§ **Available data**:
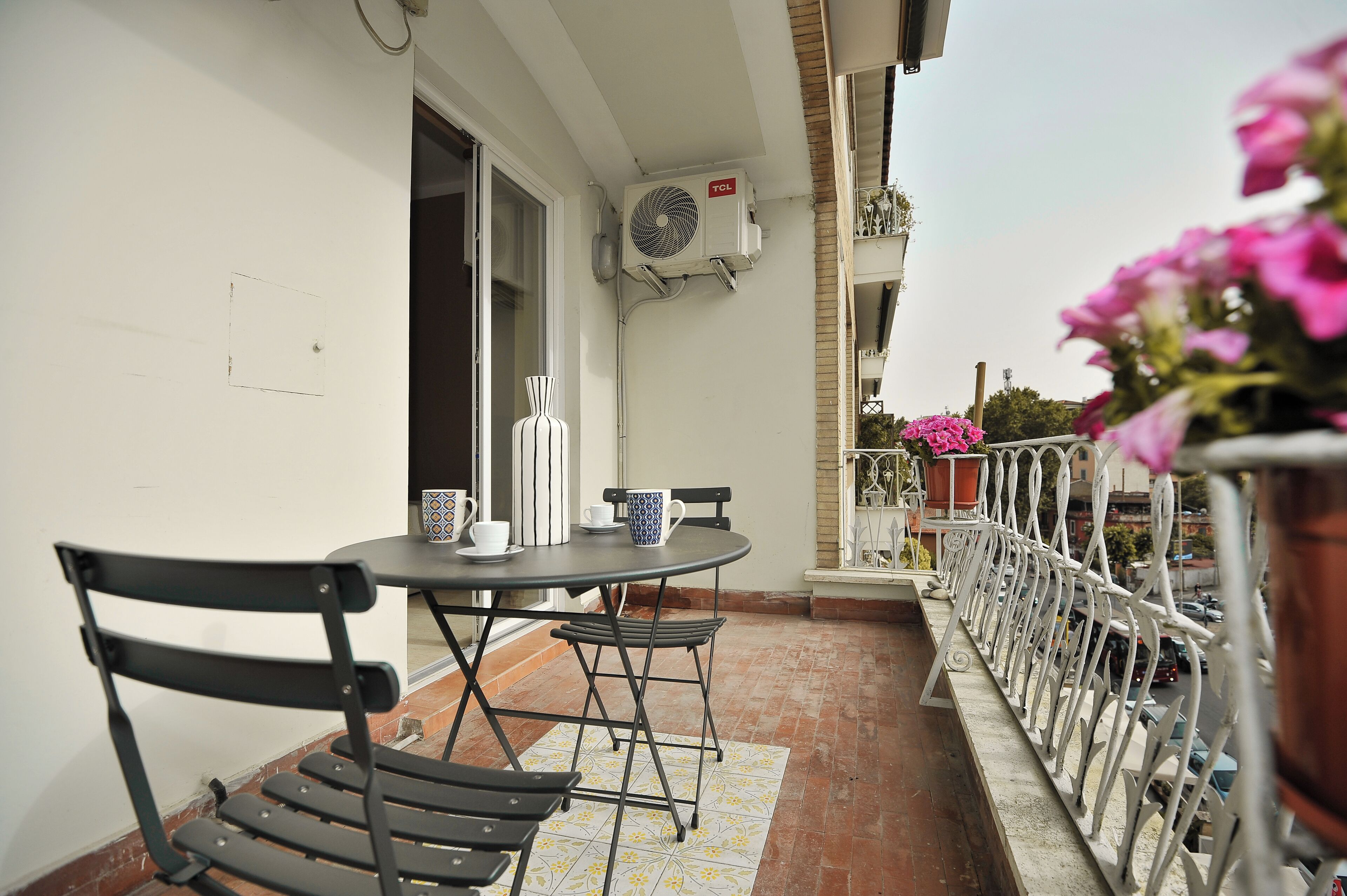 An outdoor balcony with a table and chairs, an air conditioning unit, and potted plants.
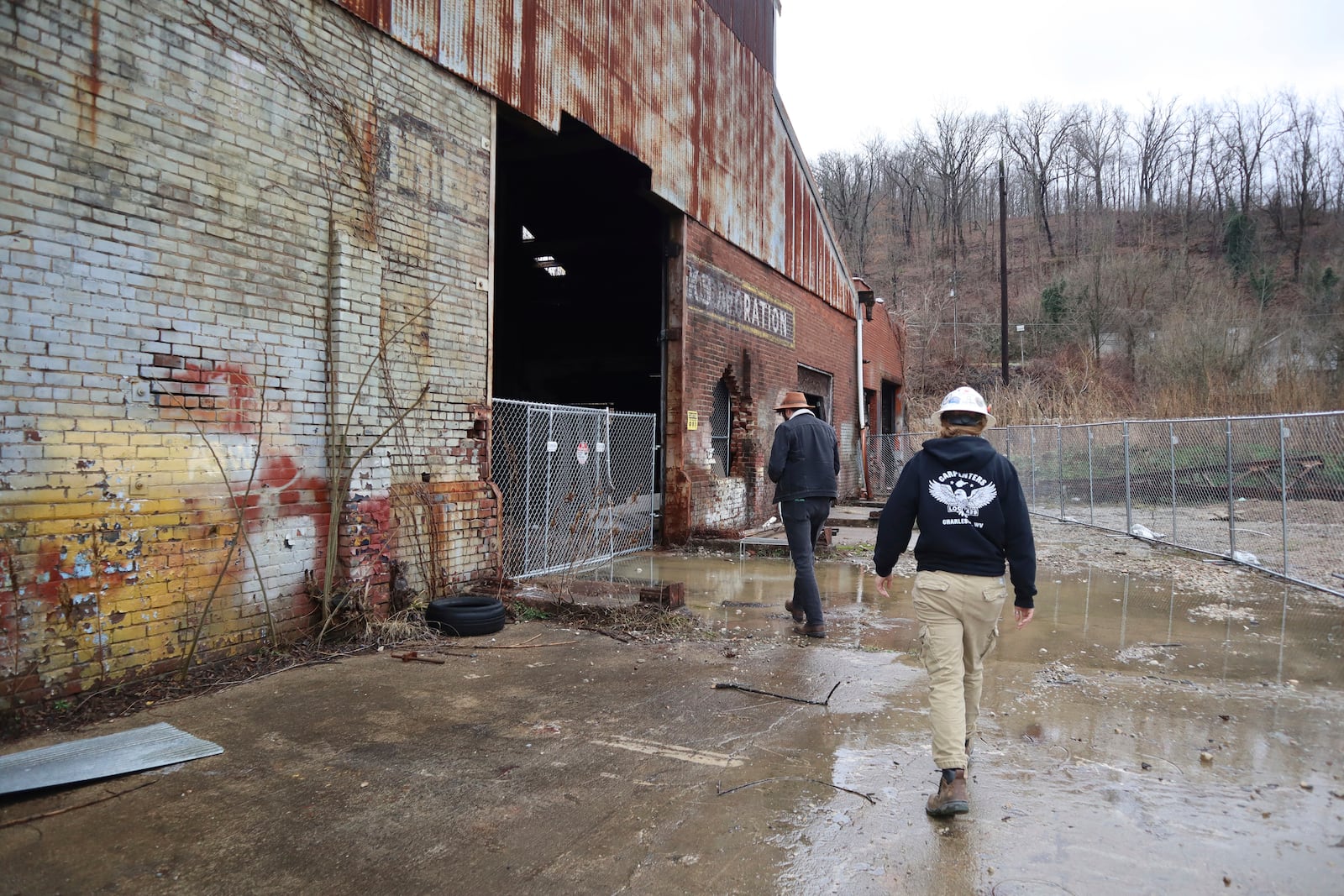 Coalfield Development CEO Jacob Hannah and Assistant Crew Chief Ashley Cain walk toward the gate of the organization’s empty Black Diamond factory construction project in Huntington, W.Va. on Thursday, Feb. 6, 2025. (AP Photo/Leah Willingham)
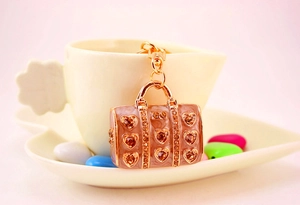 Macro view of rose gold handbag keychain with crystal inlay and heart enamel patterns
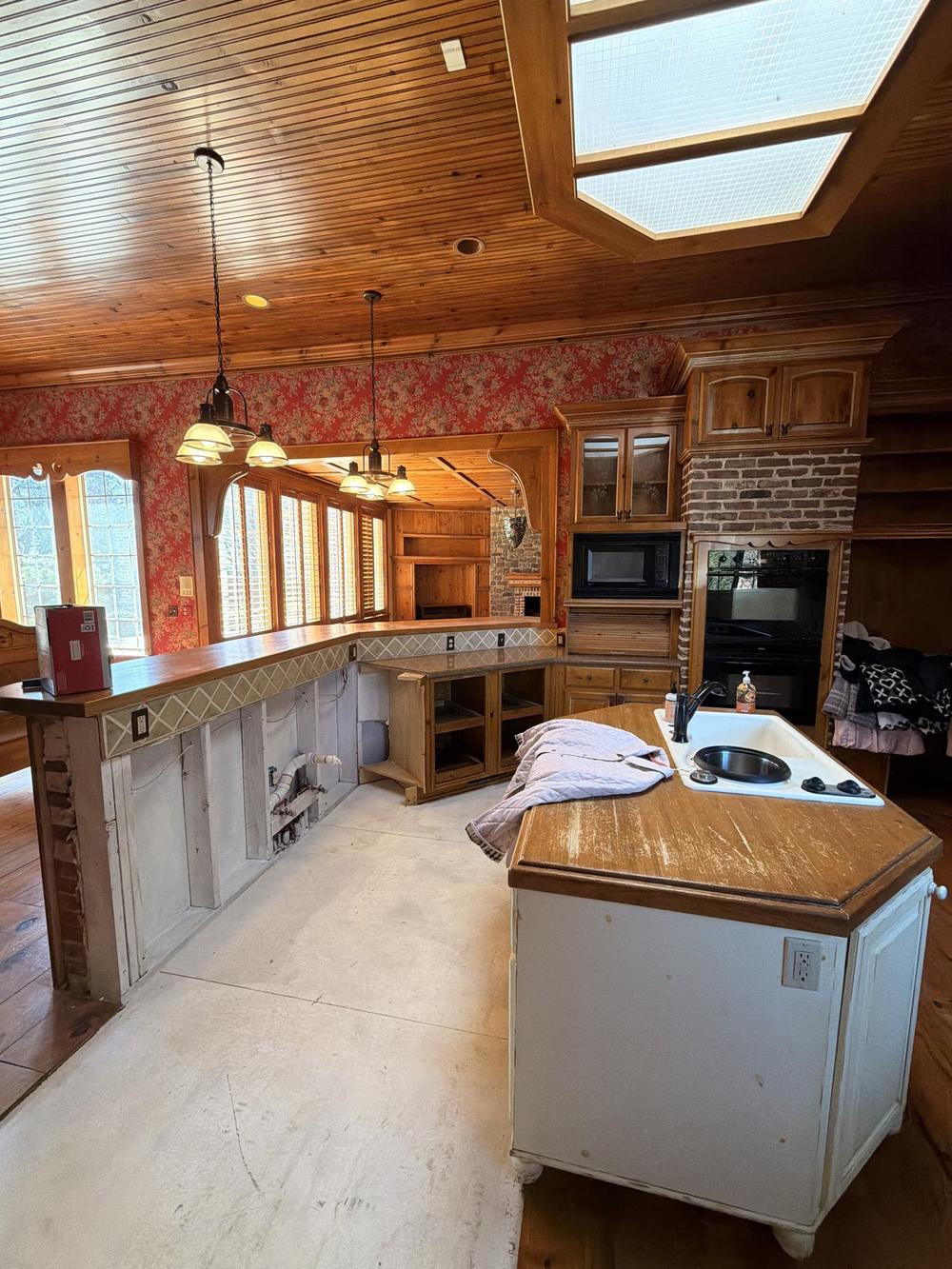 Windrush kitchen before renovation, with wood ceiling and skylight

§ **Your objective**: With the pictures removed from your copy, retype the lines above from the one that contains "Coalfield Development CEO" through the one that contains "Macro view of", exactly.

§ **Answer for this exercise**:
 Coalfield Development CEO Jacob Hannah and Assistant Crew Chief Ashley Cain walk toward the gate of the organization’s empty Black Diamond factory construction project in Huntington, W.Va. on Thursday, Feb. 6, 2025. (AP Photo/Leah Willingham)
 Macro view of rose gold handbag keychain with crystal inlay and heart enamel patterns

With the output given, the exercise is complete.